Guten Morgen!

Was es zum Zmorge gibt, ist eine Frage des Frühstückstyps. Mitglieder der «Coopzeitung»-Redaktion verraten, was auf ihrem Tisch landet.

«Ich kann nicht ordentlich Frieden schliessen, wenn man mir nicht ordentlich zu essen und zu trinken gibt», sagte einst Otto von Bismarck (1815–1898), der erste Kanzler des Deutschen Reiches. Tatsächlich soll er beim Zmorge auch
ordentlich zugelangt haben: Koteletts, Räucherfisch, Wurst, Butter und bis zu 16 (!) Eier.

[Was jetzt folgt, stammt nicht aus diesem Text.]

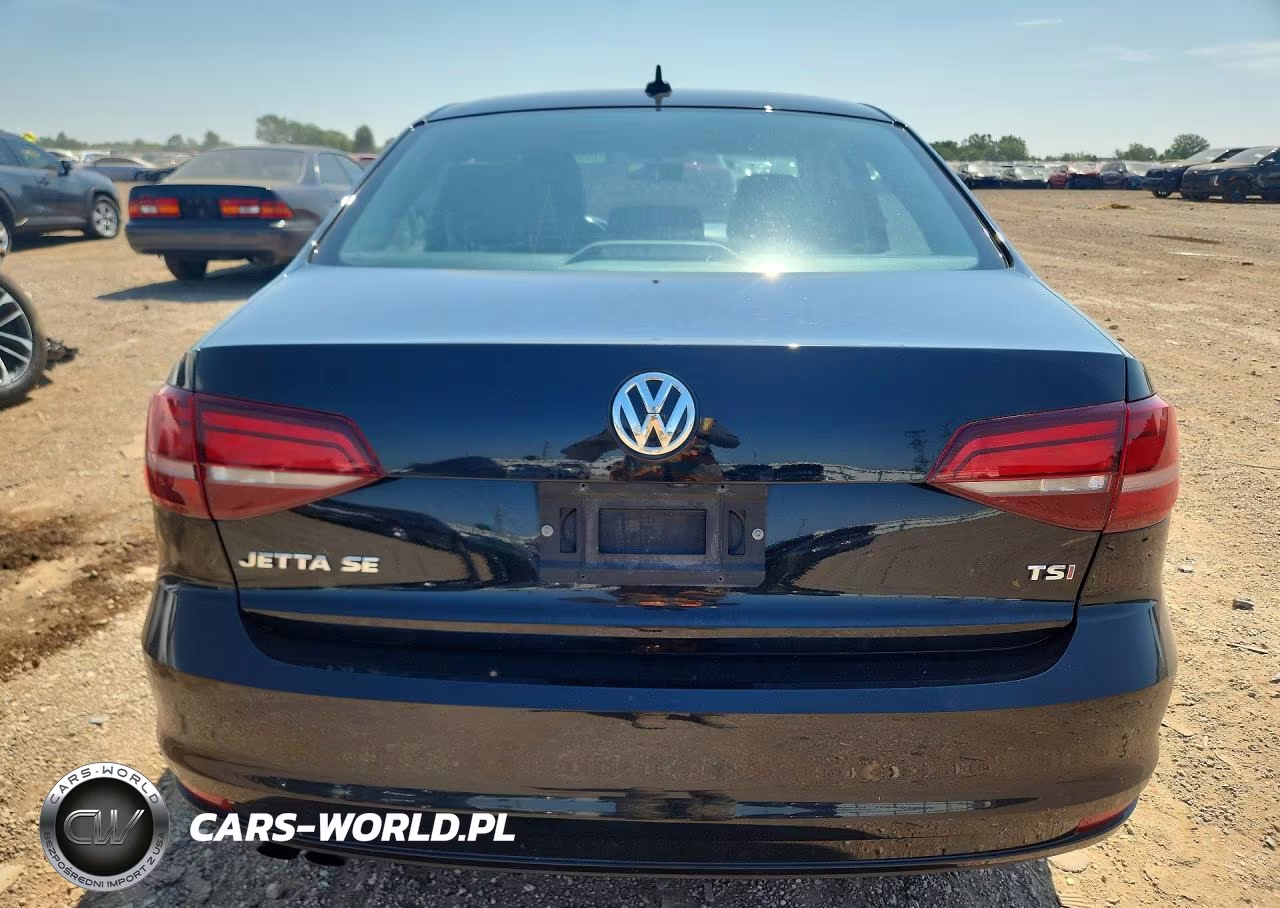 2017 Volkswagen Jetta Se VIN:3VWDB7AJ7HM225713 - 6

Die alte Weisheit gilt nicht mehr

Offenbar lebte der legendäre Politiker besonders grosszügig nach der Volksweisheit «frühstücken wie ein Kaiser, zu Mittag essen wie ein König, zu Abend essen wie ein Bettler». Heute scheint diese Maxime allerdings veraltet zu sein. «Früher startete man mit einem reichhaltigen Zmorge, um seinen körperlich anstrengenden Beruf ausüben zu können. Das Mittagessen war kleiner, da man ja bereits gefrühstückt hatte und abends ass man nicht viel, damit die Mahlzeit einem nicht auf dem Magen lag und man ruhig schlafen konnte», erklärt Ilona Sánchez García (29) von der Coop- Fachstelle Ernährung. «Heute muss man dies differenzierter betrachten. Wer sich nicht stark körperlich betätigt, sollte am besten immer in etwa die gleiche Menge verzehren.»

«

Das Frühstück gibt uns Kraft für den Start in den neuen Tag.»

Ernährungsberaterin Ilona Sánchez García

Während es bei vielen ohne «Tankfüllung» gar nicht geht, bringen einige zu früher Stunde keinen Bissen runter. Laut dem Monitoring-System Ernährung und Bewegung (MOSEB) des Bundesamts für Gesundheit (BAG) verzichten Männer häufiger auf das Zmorge als Frauen (siehe Grafik Seite 23): Sie frühstücken im Schnitt an 5,5 Tagen pro Woche, Frauen dagegen an 6,2. Ilona Sánchez García: «Bei Kindern und Jugendlichen wird ein Frühstück empfohlen, damit sie sich in der Schule oder am Ausbildungsplatz besser konzentrieren können. Wenn sie aber noch nicht richtig essen mögen, kann auch ein Glas Milch oder Fruchtsaft ein Start in den Tag sein. So bekommt der Körper mindestens etwas an Energie geliefert.»

Man sollte sich bewusst sein, dass der Körper in der Nacht Energie – also Kalorien – verbraucht, um den Kreislauf aufrecht und uns so am Leben zu erhalten. «Das Frühstück füllt die geleerten Speicher wieder auf und gibt uns Kraft für den Start in den neuen Tag», sagt die Ernährungsberaterin. Wer auf ein gesundes Frühstück zu Hause verzichtet, sich stattdessen aber später beispielsweise ein Schoggiweggli gönnt, tut sich einen Bärendienst, weil dieses ungesünder ist als Müesli, Jogurt oder Früchte.

Die Befürchtung, dass Frühstücksmuffel einfach später am Tag umso mehr in sich reinstopfen, ist aber unbegründet. Studien zeigen, dass das Mittagessen dieser Menschen vielleicht ein bisschen üppiger ausfällt, sie am Ende des Tages jedoch weniger Kalorien zu sich genommen haben als Zmörgeler.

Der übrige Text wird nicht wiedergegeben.